By: Steven Bassiri | Guides | Posted: Dec 21, 2015 3:11 pm

Stability Testing


Stability testing is perhaps the most debated part of overclocking. Some say you are not fully stable unless you prove it by running Prime95 with AVX for two days straight. And on the other side of the spectrum, others are fine with testing the applications they use (like a game or video encoding program) and then calling it a day. I have even had debates with other TweakTown staff who say stress testing with AVX and AVX2 isn't really needed considering most programs don't utilize the extension (it adds a lot of heat), of course more and more programs are utilizing the extension for things such as video transcoding (Handbrake).



I think the roots of the stability label are taken to heart because everyone wants to overclock further than everyone else. For many people, overclocking is a competition even when there isn't a real competition. Obviously, testing with a tough stress tester for a few days will definitely decrease your chances of a random crash, but it also puts the CPU through a lot of stress, and takes a lot of time. For instance, when people run benchmarks for HWbot, their stability is just enough to pass their benchmark.




I tested stability on the best 6600K sample using three programs; Handbrake transcoding a 4GB video, 30 loops of Intel Burn Test, and Prime95 Small FFTs for 24 hours. This was perhaps the longest part of the OC guide when it comes to testing. I should also note that Handbrake doesn't raise temperatures like IBT or Prime95. In fact, you might not see the type of temperatures from Prime95 or IBT you might normally, and higher temperatures lead to lower stability as temperatures increase noise. Overall, it takes more voltage to pass harder stability tests as you reach the tipping point of your maximum CPU frequency on air.


Here are some Stability Tests:




CPU Delidding Results and Temperature


Warning: Delidding your CPU will immediately void the CPU's warranty, even if you have Intel's Performance Tuning Protection Plan.


It's no secret that Intel shifted from indium solder on Sandy Bridge to a polymer based paste for Ivy Bridge, Haswell, Broadwell, and Skylake. The reasons for this shift has been speculated to be cost related, but there is are much more scientific reasons which Intel explores in a paper from 2006 located here. The paper states that as the CPU die size decreases (which it has) to a certain point, indium/gold based solder for the thermal interface between the CPU die and the internal heat spreader (IHS) can cause the CPU die to crack after many thermal cycles. This study also makes sense because the server variants of these CPUs utilize solder based TIM instead of polymer paste like Skylake. Regardless, Skylake uses a paste which can be replaced with better paste to improve thermal performance.
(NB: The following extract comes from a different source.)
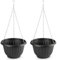 AC - Pack de 2 macetas Redondas Colgantes, plástico, macetero, Tiesto, Recipiente para Plantas, Flores, balcón, terraza, hogar, Fabricada en España (Antracita - 25 x 15 cm)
There are multiple ways to remove the internal heatspreader and replace the TIM. Many people use a razor and others use the vice method (you can Google them). Caseking sells overclock der8auer's Delid-Die-Mate here, which is like a controlled vice method without a vice. The issue is that cost is high for single use purposes. There are services that offer CPU delidding for around $50 per CPU, but if you have a 3D printer or access to one, you can print a tool that can safely delid your CPU. I have printed the tool that can be found here and made a video of me using it (embedded above). If you want to print the tool, please use 50% or higher infill.




Results show that there is at least a 10C decrease in temperatures. A 10C drop in load temperatures is quite impressive, and this will improve as the thermal paste cures, and you can always use a liquid metal based paste like Liquid Pro or Liquid Ultra, which should provide lower temperatures. Rule of thumb for most platforms is that a 10C temperature drop can lead to a 50-100MHz CPU frequency gain, even when you are on the brink of your CPU's maximum stable overclock. High temperatures are a result of heat, and heat increases noise that decreases the ability for proper circuit operation. Noise can cause incorrect readings of high and low voltage levels.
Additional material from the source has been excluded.